GAMA urges focus on day-to-day eVTOL infrastructure and maintenance

Avatar for Aaron KarpBy Aaron Karp | February 13, 2023

Estimated reading time 4 minutes, 35 seconds.

While there is a great deal of hype surrounding new advanced air mobility technology, the expected service entry of eVTOL aircraft this decade will require developing lower profile day-to-day infrastructure and maintenance processes, a General Aviation Manufacturers Association (GAMA) official cautioned.

With companies like Joby and Archer expecting to start air taxi services by 2025, GAMA warns that not only do vertiport facilities need to be ready to handle eVTOLs by the middle of the decade, they must also be designed to manage high frequency operations in the future. Uber Image

“Advanced air mobility really is going to come in stages,” Dave Dunning, GAMA’s director of global innovation and policy, said during a presentation at the Vertical Flight Society’s (VFS) eVTOL Symposium in Mesa, Arizona. “I think prioritization and sequencing is very important right now. Why? In order for us to move efficiently from the near term to that future advanced stage of more automated aircraft at a much higher tempo of operations, we need to enable the here and now first. That means we need to appropriately bucket and sequence our planning in a way that we can cross each bridge efficiently.”

He emphasized that regulations and standards regarding autonomous flying — the eventual goal of most eVTOL developers — are a secondary priority initially because the first vehicles entering service will be piloted.

“Near term, we’re speaking about operations and compliance with applicable regulations covering certificated pilots onboard the aircraft [operating] in all classes of airspace,” Dunning said. “What do we need to tackle here and now?”

To clear the path for eVTOL’s service entry — Joby Aviation and Archer Aviation are both planning to bring air taxis to market by 2025 — the new types of aircraft will have to be “equipped with communications, navigation and surveillance capability that’s consistent with traditional airspace and operational regulatory requirements … and conforming to current air traffic control infrastructure,” Dunning explained. “For the near term, as we think about developing infrastructure and new standards, we’re very focused on vertiports and landing and takeoff facilities.”

Such facilities will have to be ready to handle eVTOLs as soon as 2025, but also must be designed with a view toward managing high frequency operations in the future, Dunning said.

“What ground infrastructure is going to be required to enable, not only the initial entry into service, but those future states in five to 10 years when we’re looking at a much higher tempo of operations?” he said.

Aircraft charging stations are a critical element, and maintenance standards need to be established as well, Dunning said.

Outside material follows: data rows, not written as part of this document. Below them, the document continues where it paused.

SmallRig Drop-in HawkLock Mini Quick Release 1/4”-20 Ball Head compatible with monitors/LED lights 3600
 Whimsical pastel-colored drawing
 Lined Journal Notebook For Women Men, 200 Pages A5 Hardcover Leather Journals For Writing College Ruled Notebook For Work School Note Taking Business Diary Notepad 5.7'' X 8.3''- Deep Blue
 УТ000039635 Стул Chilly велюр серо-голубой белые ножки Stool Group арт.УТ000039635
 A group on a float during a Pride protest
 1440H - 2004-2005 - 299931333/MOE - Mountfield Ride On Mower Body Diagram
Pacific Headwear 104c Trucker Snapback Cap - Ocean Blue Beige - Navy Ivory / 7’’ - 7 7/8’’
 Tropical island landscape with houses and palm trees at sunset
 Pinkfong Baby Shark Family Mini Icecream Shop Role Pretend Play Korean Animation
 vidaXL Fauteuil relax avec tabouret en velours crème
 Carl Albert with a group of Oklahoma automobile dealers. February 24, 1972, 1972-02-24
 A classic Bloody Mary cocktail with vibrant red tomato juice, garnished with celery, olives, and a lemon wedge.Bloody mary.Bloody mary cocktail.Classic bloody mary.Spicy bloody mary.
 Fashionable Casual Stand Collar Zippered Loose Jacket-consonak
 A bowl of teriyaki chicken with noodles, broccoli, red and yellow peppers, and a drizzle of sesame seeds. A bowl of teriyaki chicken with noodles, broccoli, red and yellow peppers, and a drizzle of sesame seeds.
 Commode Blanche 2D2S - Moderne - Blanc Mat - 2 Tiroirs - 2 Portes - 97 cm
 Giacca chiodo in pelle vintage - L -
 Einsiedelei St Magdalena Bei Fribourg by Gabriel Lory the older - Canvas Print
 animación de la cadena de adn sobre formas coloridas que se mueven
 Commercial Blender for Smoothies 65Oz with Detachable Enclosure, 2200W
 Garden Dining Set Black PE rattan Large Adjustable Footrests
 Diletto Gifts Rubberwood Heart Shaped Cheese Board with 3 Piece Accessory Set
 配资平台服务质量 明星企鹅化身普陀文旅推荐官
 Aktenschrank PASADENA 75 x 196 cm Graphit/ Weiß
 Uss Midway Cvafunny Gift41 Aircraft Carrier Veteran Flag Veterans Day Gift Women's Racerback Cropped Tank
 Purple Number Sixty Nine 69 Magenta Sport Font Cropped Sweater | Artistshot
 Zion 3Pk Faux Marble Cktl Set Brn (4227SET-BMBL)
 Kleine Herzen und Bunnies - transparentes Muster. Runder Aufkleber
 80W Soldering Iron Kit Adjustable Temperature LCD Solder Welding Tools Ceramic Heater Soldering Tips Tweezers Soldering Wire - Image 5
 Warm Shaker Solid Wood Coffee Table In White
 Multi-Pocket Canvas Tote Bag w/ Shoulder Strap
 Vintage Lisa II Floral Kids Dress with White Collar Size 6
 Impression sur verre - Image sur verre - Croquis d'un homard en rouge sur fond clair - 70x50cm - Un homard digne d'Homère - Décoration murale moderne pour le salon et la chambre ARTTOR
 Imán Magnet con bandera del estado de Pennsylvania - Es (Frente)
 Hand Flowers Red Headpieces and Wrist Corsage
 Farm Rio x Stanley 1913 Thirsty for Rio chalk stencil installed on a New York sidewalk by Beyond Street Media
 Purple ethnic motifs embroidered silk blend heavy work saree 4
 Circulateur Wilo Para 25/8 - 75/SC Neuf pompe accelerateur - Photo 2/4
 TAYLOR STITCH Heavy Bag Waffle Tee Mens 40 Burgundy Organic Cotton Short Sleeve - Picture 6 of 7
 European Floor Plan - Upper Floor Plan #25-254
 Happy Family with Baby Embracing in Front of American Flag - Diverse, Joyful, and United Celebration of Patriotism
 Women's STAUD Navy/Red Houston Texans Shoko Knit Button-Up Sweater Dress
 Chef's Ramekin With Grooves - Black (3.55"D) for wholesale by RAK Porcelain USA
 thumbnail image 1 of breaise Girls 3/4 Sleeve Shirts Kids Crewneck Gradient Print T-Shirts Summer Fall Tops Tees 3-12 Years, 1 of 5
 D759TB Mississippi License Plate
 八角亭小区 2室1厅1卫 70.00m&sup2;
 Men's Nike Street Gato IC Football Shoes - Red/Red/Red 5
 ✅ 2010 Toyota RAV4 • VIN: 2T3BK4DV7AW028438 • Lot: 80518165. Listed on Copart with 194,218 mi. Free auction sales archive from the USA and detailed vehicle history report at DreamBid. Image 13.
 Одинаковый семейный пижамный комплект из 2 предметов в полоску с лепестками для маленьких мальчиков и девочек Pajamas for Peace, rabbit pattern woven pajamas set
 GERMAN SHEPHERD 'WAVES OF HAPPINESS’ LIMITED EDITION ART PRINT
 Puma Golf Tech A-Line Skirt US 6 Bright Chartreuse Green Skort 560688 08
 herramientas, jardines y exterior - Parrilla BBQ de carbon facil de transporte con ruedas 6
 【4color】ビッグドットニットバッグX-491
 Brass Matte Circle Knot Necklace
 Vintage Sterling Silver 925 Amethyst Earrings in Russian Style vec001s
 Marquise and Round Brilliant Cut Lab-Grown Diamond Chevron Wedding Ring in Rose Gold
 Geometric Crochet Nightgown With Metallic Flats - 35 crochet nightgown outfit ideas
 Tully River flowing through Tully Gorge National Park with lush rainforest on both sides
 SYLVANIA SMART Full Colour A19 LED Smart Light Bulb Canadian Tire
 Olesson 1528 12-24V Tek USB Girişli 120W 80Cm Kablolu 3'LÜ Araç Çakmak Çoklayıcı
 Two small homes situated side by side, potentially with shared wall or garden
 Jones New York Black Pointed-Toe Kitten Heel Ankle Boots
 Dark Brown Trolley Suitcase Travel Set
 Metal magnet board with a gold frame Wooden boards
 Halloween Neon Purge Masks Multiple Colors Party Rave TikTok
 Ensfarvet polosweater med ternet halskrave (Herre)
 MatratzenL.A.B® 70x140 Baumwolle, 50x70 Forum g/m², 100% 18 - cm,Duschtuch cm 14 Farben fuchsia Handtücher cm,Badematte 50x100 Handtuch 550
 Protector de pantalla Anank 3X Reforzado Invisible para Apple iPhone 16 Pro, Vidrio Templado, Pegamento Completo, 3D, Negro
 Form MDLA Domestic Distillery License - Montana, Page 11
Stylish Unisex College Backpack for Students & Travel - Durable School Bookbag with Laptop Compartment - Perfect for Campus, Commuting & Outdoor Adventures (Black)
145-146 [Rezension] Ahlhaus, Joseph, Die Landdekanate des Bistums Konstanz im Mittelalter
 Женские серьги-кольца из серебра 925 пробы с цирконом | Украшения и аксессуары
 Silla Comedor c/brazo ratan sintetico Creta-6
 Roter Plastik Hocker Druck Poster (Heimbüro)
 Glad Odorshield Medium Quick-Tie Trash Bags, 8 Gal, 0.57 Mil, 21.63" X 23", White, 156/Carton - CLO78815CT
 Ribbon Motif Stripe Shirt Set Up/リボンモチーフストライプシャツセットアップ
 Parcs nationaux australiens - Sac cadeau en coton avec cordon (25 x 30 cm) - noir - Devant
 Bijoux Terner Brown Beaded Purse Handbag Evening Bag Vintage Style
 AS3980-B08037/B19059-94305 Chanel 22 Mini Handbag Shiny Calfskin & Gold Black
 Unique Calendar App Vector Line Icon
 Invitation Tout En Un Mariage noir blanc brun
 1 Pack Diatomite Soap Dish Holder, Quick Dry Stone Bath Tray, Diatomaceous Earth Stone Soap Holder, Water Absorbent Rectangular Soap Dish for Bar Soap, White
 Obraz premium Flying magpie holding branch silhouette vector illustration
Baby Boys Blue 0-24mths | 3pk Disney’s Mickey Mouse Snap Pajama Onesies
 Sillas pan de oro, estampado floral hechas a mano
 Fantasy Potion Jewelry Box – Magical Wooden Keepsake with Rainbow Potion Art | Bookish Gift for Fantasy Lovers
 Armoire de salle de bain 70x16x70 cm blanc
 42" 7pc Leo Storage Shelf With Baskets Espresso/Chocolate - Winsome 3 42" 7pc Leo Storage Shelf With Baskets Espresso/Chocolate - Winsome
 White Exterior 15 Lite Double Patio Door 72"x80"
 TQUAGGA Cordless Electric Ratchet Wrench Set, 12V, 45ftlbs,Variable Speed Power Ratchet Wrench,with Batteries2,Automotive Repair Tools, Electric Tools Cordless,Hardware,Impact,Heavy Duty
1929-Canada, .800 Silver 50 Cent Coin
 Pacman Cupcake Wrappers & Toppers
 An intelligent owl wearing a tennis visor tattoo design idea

“[If] you’re working at a fixed-base operator and you’re bringing in these aircraft on a daily basis, how do you safely handle this aircraft? How do you safely work with these high voltage electric systems?” he said.

Also needed are routine and standard eVTOL battery testing procedures and rescue and firefighting plans in the case of an emergency.

“This may be seemingly obvious material, but you can’t get to the finish line and then realize, ‘I took that for granted and now I have a problem.’ Battery testing, rescue and firefighting all need to go into the near-term bucket as additional areas of standards development [for eVTOLs],” Dunning said.